Exercise data:

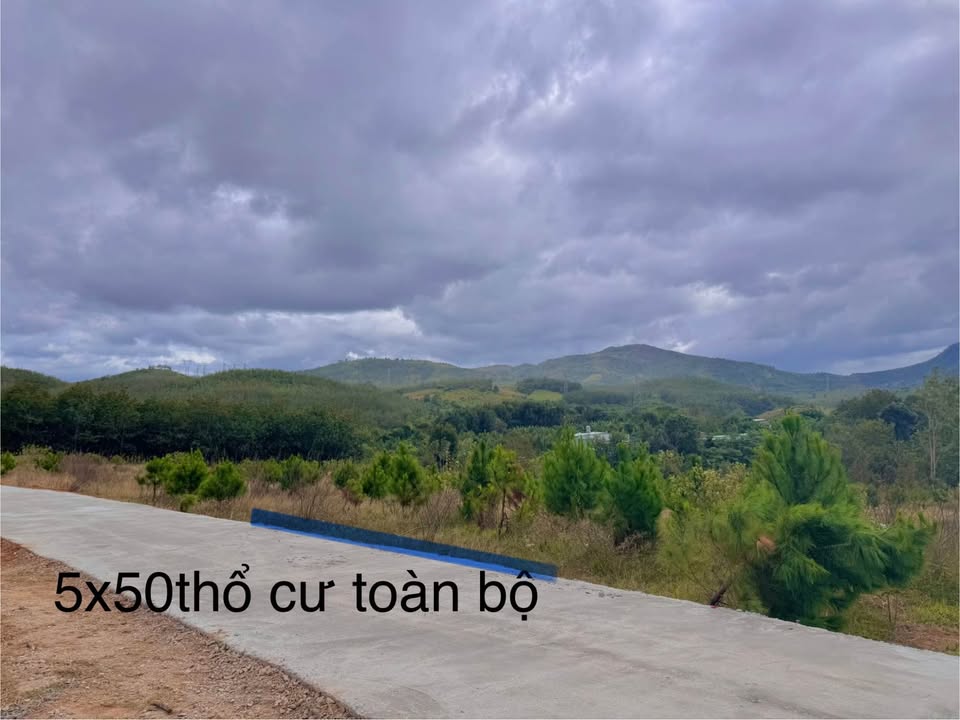 Đất thổ cư Chư Hreng, Kon Tum 250m² giá 200 triệu - Gần phố chỉ 5 phút!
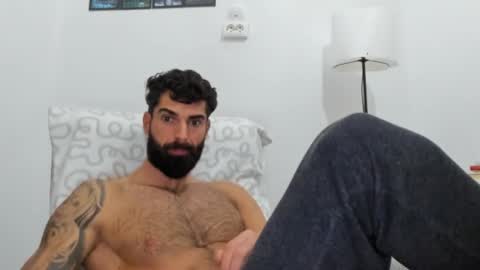 Snapshot of cuteeboy chatting on December 14, 2025, 9:36 am cuteeboy online show from December 14, 2025, 9:36 am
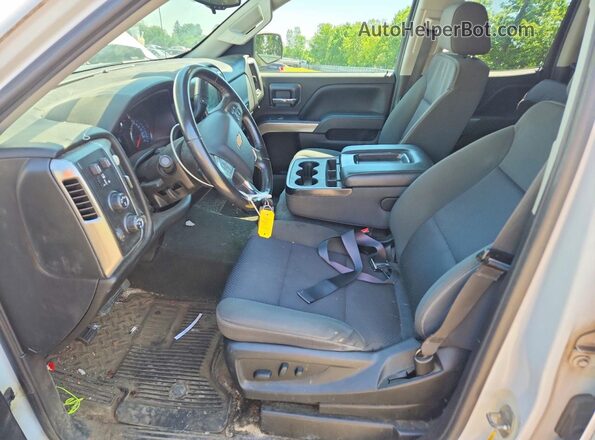 1GCVKREC2JZ197547 2018 CHEVROLET SILVERADO Белый Вид салона спереди
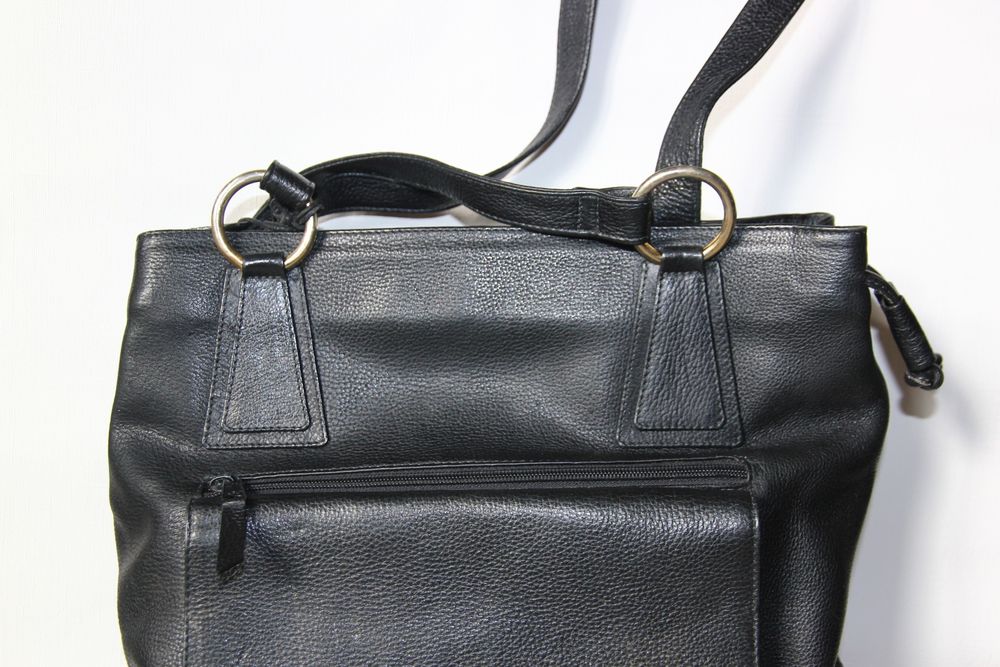 Tr&egrave;s beau sac en cuir vintage marque Angela.
Maroquinerie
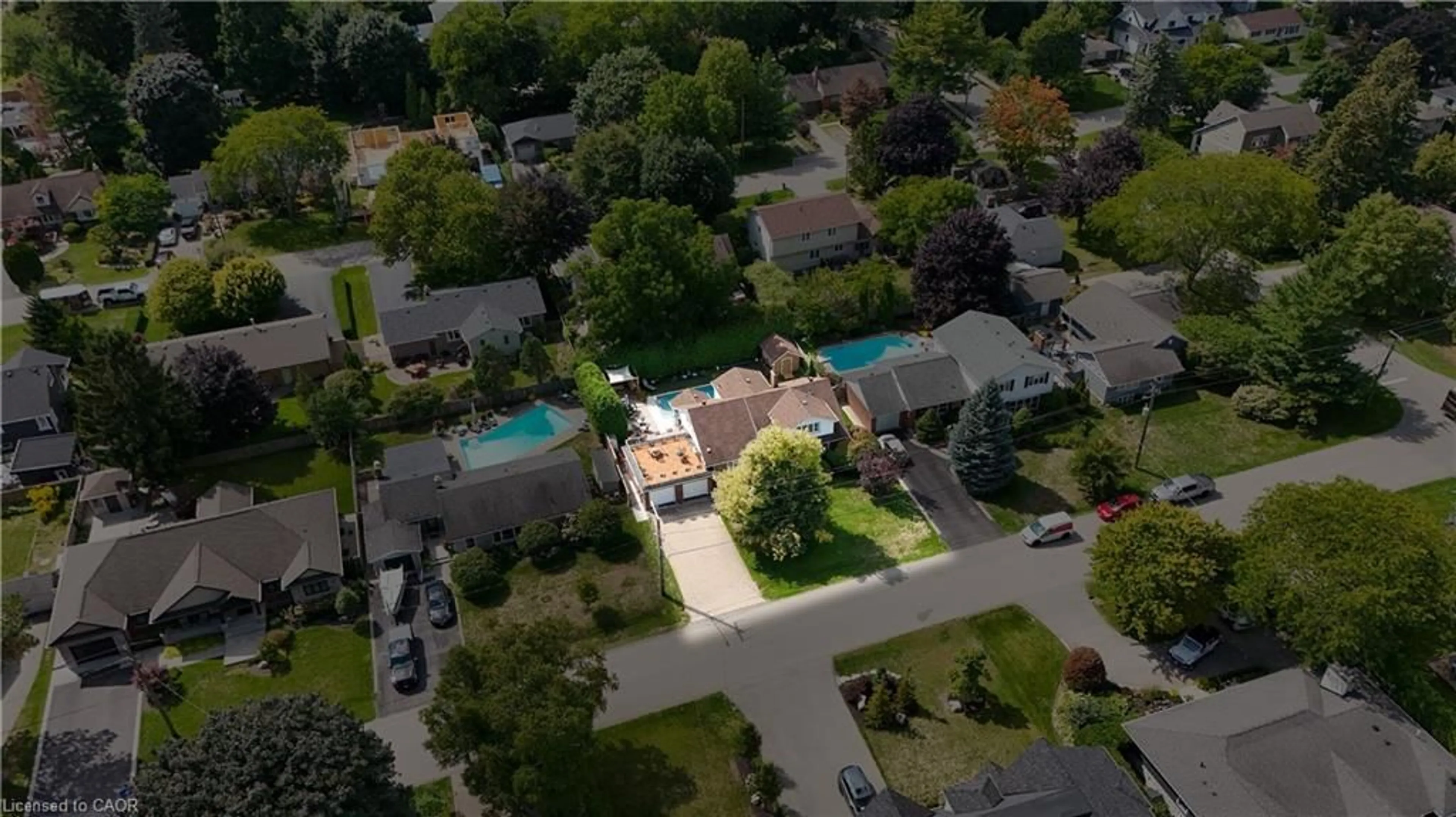 A pic from outside/outdoor area/front of a property/back of a property/a pic from drone, street for 912 Boothman Ave, Burlington Ontario L7T 1P4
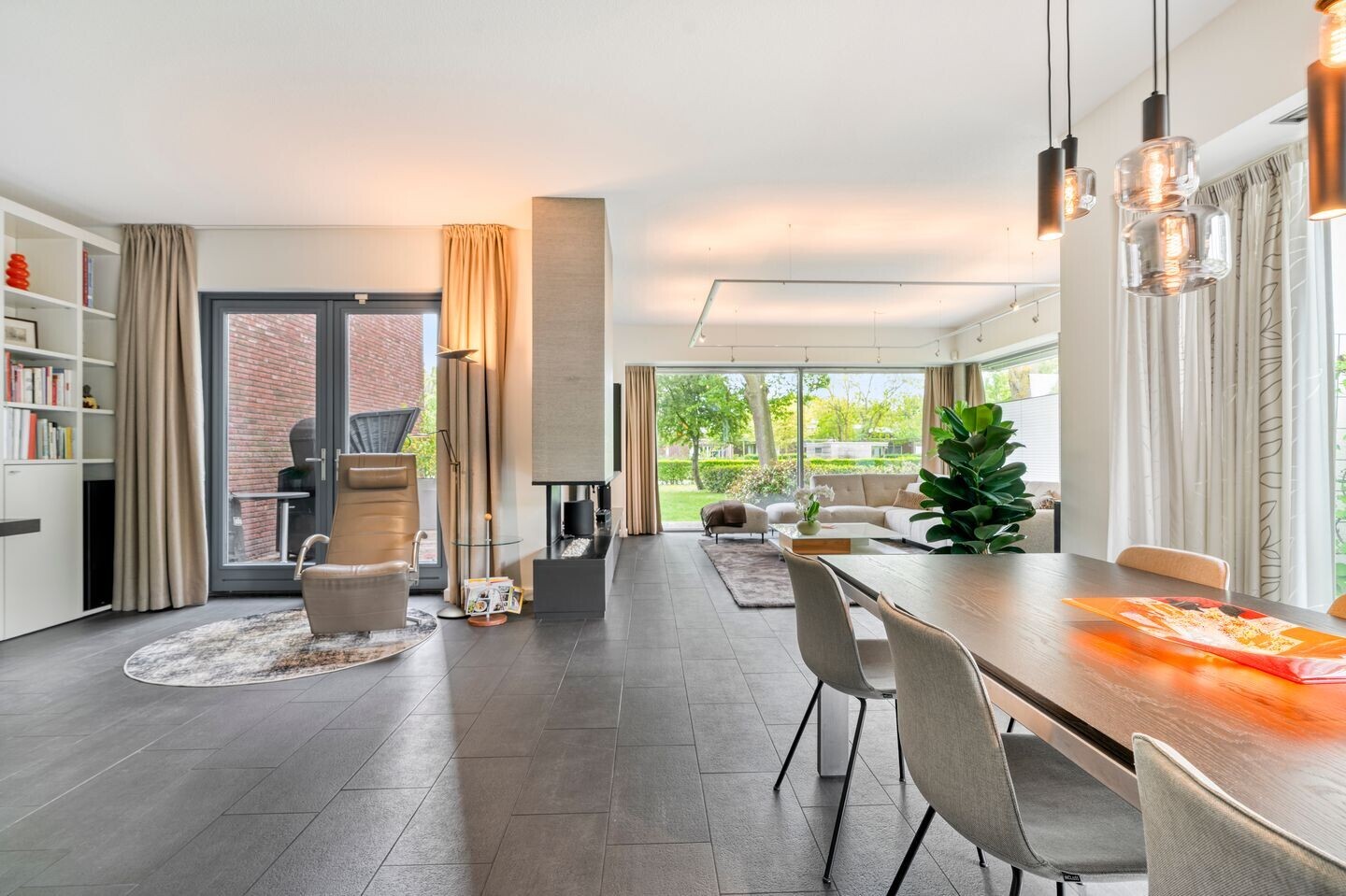 Twee-onder-één-kap te koop: Kooikerlaan 8, Nootdorp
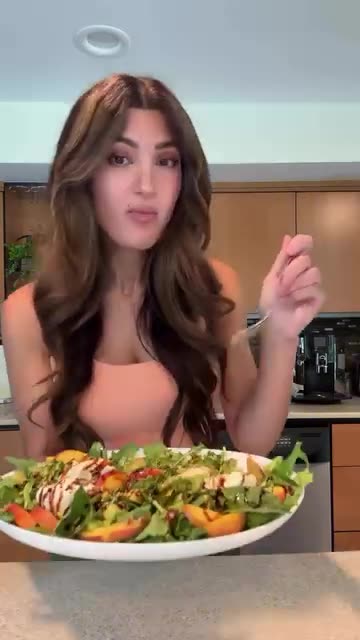 While peaches are still in season, you have to make this Peach & Burrata Salad. 🍑🥗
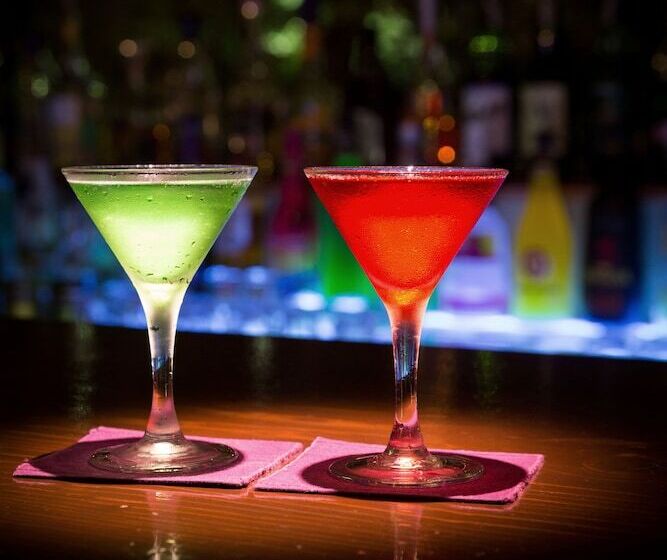 ריוקאן Satonoyu Waraku 13 Years Or Older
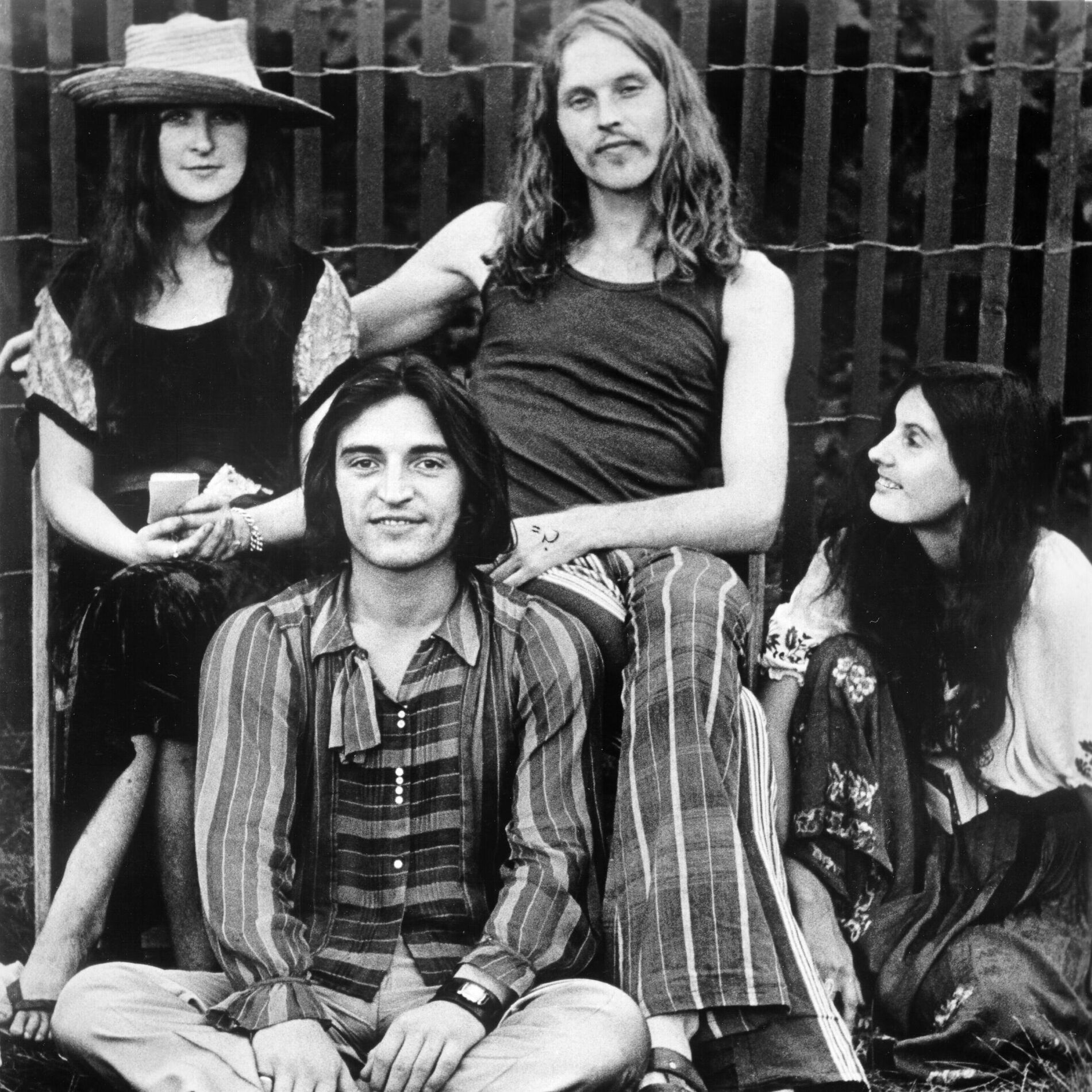 The Incredible String Band: albums, songs, playlists | Listen on 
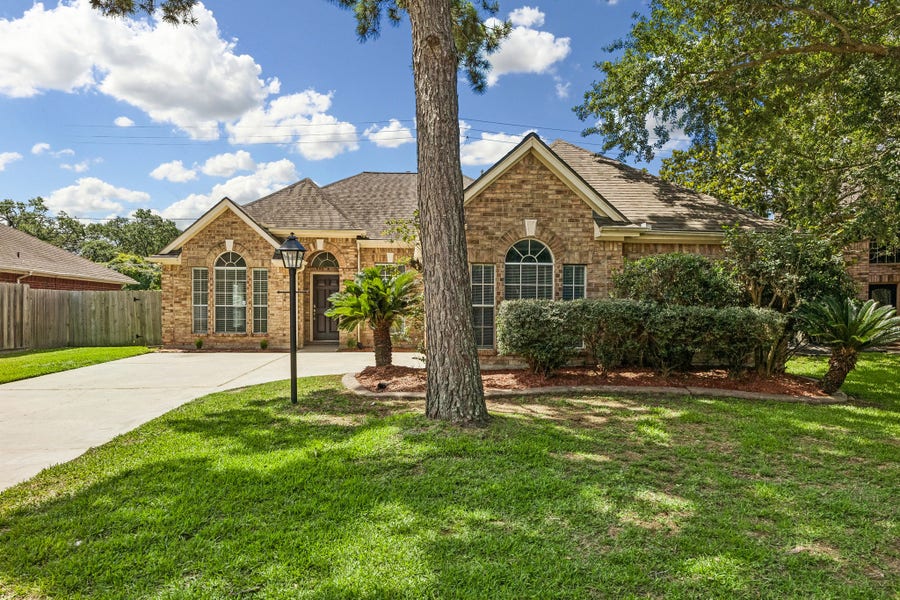 Property photo for 1929 Florida Drive, Seabrook, TX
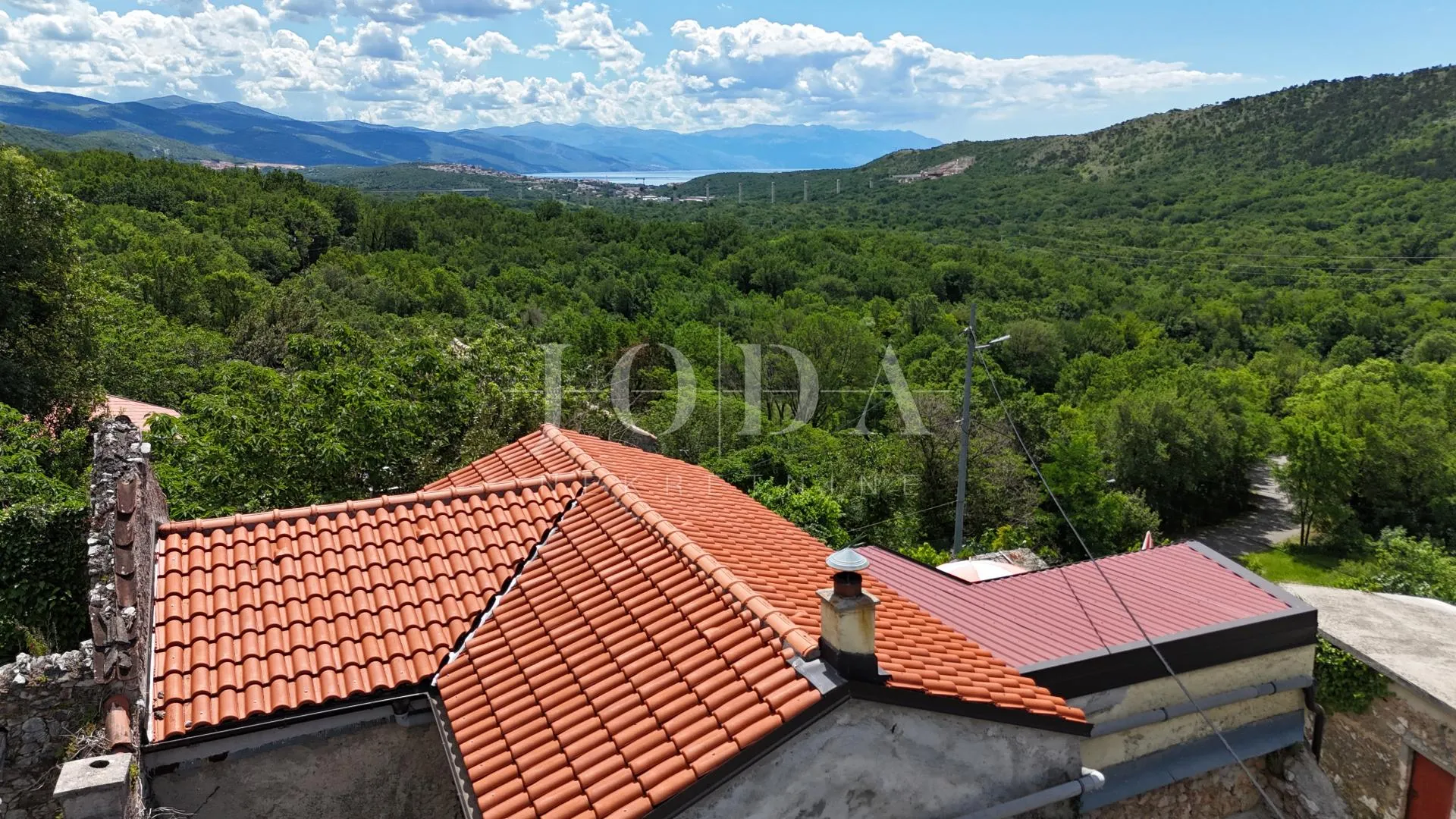 prodaja kuće bribir | balkon, parking, pogled na more - slika 35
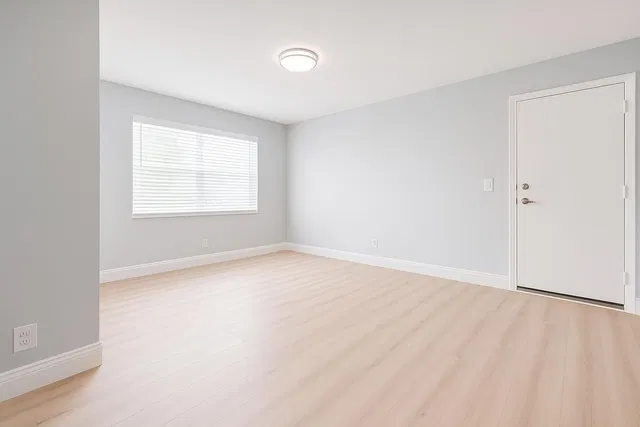 Unit Apt 9 photo 7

Task objective:
Please transcribe exactly the lines from the one containing "Property photo for" through the final line of the data, including both, and nothing else. Pictures are to be left out.

Result of this exercise:
 Property photo for 1929 Florida Drive, Seabrook, TX
 prodaja kuće bribir | balkon, parking, pogled na more - slika 35
 Unit Apt 9 photo 7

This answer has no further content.